The Importance of Cross-Disciplinary Intersex Education

I found myself during class also thinking about the possibilities and implications of intersex education. I with Annelise's point regarding better early and later childhood sex ed, but I hadn't thought of an education class for pregnant women (and a class extended to their potential partners would be even better). This suggestion got me thinking more about the role that doctors and scientists play in advocating or not advocating gender normativity. A lot of what I know about my body is through the lenses of various medical practitioners, who (in my experience) often adopt the voice of god in either proclaiming my body's normalcy or declaiming about its irregularities. Because their authoritative posturing, though, I trust doctors and what they say. I think that if medical practitioners of all kinds advocated differences (regarding sex and otherwise), more people would be receptive to listening.

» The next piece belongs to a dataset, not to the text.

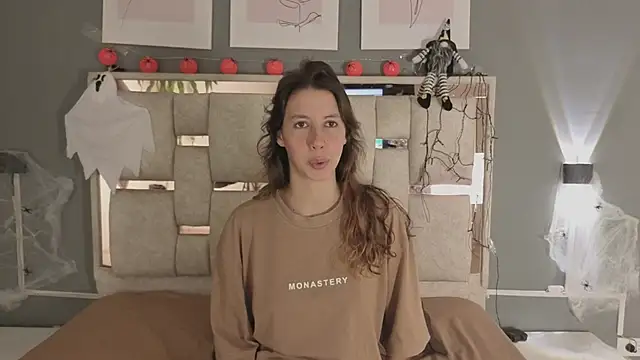 jolie lov online show from October 2025 01:18:02 PM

I think that the authority with which doctors and scientists are imbued gives them a lot of responsibility to advocate for progressive thinking and legislation. I was the scientist in the class exercise we had last Tuesday, so I kept returning to the questions of what it means to be a scientist. Now, I'm not actually a scientist--I'm a probable History/ English major--so I'm not that well-versed in the methodology of scientific inquiry, nor do I feel a personal attachment to the profession. But I'm often struck in class by the resentment and frustration shown toward scientific thinkers; this feeling about doctors/scientists is one I sometimes share, but also wonder about. Scientists used to be seen as (and are sometimes still seen as) debunkers of common misperceptions, vanguards of forward thinking, driven relentlessly by a desire to get at the (or a) truth. I'm curious as to when non-scientific academic thinking began to butt heads with scientific principles, and I'm interested in why we humanities/social science majors sometimes see a conflict of interest regarding these fields.

I think, in the case of intersex education, that a combination of scientific and humanistic thinking is essential in changing the community/national conversation. Scientists should also be community educators, and educators of all kinds should be responsive to scientific thinking. I think that only a conversation spearheaded by both avenues of thinking can be successful in deconstructing the sex/gender binaries (as well as disciplinary binaries!).